Produce a word-for-word copy of the lines from the one that contains "Glial Cells" to the final line of the data below, with all pictures dropped.

### Recorded information

◆ ◆ ◆ ◆ ◆ ◆ ◆

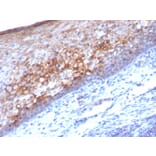 Immunohistochemistry - Anti-CD146 Antibody [MCAM/1101] - BSA and Azide free (A252470) - Antibodies.com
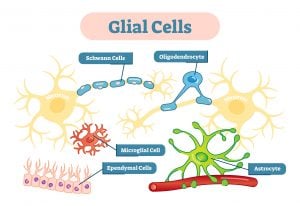 Glial Cells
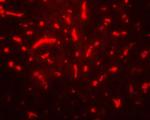 TAF9 Antibody in Immunohistochemistry (Paraffin) (IHC (P))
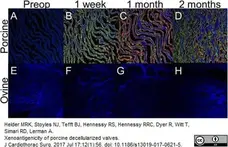 Anti Sheep IgM Antibody gallery image 1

◆ ◆ ◆ ◆ ◆ ◆ ◆

### Output below
 Glial Cells
 TAF9 Antibody in Immunohistochemistry (Paraffin) (IHC (P))
 Anti Sheep IgM Antibody gallery image 1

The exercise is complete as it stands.